What you will do: Would you reproduce exactly the lines below from the one holding "Imagen 8 de" through the one holding "King George V pulling the Bristolian", inclusive, and no others?

Material for the task:
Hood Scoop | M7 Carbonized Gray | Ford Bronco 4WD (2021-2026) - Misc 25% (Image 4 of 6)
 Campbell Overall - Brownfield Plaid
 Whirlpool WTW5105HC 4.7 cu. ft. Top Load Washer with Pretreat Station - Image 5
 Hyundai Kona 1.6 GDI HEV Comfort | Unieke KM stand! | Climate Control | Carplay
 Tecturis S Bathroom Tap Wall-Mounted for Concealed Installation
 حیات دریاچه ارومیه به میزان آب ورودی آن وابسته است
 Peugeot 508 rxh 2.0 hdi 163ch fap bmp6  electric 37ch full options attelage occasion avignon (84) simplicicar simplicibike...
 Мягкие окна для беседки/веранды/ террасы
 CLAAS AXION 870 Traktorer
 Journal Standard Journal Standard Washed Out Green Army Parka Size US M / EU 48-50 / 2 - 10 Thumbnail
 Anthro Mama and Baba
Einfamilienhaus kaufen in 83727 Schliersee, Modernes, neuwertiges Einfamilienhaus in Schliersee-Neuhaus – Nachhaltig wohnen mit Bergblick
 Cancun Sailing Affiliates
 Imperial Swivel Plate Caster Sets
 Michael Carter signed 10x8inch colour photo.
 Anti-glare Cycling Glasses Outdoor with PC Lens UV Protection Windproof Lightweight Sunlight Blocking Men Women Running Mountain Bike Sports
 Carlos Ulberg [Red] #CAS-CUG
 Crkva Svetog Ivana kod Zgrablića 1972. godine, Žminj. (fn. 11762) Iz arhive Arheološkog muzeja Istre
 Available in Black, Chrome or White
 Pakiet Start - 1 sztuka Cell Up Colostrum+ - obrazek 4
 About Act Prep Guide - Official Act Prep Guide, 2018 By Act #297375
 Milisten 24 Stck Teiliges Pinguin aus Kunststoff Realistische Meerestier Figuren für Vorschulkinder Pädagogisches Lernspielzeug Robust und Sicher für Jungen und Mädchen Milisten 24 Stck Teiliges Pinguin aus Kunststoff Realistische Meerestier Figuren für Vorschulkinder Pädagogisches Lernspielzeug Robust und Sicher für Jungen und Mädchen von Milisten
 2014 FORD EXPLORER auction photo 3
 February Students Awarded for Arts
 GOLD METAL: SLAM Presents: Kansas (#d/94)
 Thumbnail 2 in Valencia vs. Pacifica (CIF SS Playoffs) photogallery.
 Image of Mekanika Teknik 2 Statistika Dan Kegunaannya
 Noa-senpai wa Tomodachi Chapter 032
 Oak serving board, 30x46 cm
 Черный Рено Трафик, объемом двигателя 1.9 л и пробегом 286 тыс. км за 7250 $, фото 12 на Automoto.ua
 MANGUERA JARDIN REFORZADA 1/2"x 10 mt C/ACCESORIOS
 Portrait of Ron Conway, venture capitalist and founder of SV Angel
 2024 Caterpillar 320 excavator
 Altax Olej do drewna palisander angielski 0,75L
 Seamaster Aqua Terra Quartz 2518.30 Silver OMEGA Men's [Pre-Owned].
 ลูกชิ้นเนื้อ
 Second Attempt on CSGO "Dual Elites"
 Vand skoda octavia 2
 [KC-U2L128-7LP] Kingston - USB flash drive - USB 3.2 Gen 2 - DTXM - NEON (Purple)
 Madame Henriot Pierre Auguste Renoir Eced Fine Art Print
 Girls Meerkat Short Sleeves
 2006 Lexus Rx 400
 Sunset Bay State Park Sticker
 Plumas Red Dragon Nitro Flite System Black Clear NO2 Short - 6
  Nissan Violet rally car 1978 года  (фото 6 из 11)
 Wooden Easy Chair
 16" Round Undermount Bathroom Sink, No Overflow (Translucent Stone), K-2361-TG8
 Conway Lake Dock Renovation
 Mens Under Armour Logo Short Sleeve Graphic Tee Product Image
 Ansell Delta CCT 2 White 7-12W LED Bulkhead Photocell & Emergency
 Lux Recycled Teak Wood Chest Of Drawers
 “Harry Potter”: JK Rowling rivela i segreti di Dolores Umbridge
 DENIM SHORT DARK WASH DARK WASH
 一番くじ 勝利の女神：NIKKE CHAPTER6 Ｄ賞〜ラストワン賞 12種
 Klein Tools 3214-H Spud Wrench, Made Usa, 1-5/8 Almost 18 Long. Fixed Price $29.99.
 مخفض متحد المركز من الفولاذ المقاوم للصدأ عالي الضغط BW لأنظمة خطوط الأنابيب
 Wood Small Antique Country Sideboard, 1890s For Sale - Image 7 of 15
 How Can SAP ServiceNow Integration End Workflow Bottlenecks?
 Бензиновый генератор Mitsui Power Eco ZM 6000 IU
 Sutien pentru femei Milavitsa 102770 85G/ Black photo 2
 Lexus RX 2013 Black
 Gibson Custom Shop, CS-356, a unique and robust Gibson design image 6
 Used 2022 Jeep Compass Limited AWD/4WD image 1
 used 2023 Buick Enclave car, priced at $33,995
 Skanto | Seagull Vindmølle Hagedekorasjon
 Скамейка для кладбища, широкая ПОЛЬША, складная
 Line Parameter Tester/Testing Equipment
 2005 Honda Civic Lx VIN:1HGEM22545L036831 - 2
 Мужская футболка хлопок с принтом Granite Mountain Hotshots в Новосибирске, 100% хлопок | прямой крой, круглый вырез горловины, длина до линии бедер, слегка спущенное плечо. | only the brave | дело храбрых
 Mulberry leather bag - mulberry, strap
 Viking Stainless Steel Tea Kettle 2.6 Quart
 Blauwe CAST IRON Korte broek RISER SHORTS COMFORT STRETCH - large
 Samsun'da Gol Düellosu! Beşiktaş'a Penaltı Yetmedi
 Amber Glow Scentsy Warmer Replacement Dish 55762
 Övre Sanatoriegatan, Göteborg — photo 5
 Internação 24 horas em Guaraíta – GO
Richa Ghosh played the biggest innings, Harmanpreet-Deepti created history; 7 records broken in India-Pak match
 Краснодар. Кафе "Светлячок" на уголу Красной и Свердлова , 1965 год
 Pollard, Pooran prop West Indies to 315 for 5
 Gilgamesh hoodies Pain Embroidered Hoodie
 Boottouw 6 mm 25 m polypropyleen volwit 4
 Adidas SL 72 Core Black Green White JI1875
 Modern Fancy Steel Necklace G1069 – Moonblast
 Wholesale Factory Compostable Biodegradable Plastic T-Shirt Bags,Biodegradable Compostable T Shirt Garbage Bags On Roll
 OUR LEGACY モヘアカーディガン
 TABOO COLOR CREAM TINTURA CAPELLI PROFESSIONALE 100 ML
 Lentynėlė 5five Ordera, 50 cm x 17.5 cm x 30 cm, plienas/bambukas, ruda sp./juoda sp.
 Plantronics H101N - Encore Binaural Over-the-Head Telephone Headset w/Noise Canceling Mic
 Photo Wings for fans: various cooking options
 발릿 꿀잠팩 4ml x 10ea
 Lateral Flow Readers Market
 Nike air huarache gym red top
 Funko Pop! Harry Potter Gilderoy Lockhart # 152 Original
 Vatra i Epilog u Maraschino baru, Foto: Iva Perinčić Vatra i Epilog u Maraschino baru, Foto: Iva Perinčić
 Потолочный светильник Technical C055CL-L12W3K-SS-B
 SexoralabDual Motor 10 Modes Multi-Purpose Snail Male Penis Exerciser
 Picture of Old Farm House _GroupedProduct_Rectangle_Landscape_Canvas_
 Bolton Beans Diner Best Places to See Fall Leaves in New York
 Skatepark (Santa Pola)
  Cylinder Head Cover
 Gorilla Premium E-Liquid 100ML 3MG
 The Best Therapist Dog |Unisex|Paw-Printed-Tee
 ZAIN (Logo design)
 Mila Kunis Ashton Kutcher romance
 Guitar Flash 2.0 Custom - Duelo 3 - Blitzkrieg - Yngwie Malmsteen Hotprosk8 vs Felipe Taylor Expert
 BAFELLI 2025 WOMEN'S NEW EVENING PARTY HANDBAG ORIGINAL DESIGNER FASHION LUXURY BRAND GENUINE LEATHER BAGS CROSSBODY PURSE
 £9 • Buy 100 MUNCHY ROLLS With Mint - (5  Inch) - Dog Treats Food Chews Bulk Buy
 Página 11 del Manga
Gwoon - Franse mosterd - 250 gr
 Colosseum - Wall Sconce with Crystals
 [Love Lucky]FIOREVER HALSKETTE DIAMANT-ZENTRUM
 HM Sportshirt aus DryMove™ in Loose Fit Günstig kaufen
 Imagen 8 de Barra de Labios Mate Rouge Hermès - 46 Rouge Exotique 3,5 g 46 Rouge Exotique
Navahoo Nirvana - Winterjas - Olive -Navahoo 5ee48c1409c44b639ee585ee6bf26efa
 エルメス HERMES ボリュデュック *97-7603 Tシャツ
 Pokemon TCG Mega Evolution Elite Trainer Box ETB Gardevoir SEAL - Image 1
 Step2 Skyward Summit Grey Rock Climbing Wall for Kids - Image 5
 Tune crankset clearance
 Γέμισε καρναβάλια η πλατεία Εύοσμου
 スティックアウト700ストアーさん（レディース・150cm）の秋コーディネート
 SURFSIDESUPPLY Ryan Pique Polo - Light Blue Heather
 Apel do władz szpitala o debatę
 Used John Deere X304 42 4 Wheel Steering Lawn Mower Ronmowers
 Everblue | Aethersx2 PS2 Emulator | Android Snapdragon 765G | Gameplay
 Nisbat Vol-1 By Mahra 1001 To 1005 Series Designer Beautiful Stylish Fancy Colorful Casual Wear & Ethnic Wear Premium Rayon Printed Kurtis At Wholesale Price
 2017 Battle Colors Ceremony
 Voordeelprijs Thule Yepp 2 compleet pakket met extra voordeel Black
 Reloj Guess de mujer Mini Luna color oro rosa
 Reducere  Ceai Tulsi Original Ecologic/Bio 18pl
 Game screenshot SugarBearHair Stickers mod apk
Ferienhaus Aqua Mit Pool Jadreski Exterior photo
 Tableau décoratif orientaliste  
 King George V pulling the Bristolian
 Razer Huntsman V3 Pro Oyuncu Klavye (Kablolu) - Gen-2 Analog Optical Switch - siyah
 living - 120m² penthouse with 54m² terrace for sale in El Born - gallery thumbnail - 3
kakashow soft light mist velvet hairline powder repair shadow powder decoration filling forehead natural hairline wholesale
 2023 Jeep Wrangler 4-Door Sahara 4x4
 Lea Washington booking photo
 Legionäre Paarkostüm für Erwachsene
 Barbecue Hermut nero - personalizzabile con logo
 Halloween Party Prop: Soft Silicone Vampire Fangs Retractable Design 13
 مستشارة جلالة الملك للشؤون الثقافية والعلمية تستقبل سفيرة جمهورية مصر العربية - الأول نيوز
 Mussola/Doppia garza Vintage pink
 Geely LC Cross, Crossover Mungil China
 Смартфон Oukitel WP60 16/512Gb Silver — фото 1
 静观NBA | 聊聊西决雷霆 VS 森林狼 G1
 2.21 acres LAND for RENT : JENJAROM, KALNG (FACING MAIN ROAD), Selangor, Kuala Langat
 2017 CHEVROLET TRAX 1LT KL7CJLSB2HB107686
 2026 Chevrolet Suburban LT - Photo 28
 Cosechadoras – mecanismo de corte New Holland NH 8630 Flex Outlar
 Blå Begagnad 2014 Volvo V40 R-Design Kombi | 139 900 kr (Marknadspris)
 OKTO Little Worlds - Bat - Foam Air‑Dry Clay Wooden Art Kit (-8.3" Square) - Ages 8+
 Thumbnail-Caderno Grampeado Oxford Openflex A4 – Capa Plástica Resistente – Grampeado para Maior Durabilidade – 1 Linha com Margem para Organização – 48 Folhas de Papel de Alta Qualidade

Result:
 Imagen 8 de Barra de Labios Mate Rouge Hermès - 46 Rouge Exotique 3,5 g 46 Rouge Exotique
Navahoo Nirvana - Winterjas - Olive -Navahoo 5ee48c1409c44b639ee585ee6bf26efa
 エルメス HERMES ボリュデュック *97-7603 Tシャツ
 Pokemon TCG Mega Evolution Elite Trainer Box ETB Gardevoir SEAL - Image 1
 Step2 Skyward Summit Grey Rock Climbing Wall for Kids - Image 5
 Tune crankset clearance
 Γέμισε καρναβάλια η πλατεία Εύοσμου
 スティックアウト700ストアーさん（レディース・150cm）の秋コーディネート
 SURFSIDESUPPLY Ryan Pique Polo - Light Blue Heather
 Apel do władz szpitala o debatę
 Used John Deere X304 42 4 Wheel Steering Lawn Mower Ronmowers
 Everblue | Aethersx2 PS2 Emulator | Android Snapdragon 765G | Gameplay
 Nisbat Vol-1 By Mahra 1001 To 1005 Series Designer Beautiful Stylish Fancy Colorful Casual Wear & Ethnic Wear Premium Rayon Printed Kurtis At Wholesale Price
 2017 Battle Colors Ceremony
 Voordeelprijs Thule Yepp 2 compleet pakket met extra voordeel Black
 Reloj Guess de mujer Mini Luna color oro rosa
 Reducere  Ceai Tulsi Original Ecologic/Bio 18pl
 Game screenshot SugarBearHair Stickers mod apk
Ferienhaus Aqua Mit Pool Jadreski Exterior photo
 Tableau décoratif orientaliste  
 King George V pulling the Bristolian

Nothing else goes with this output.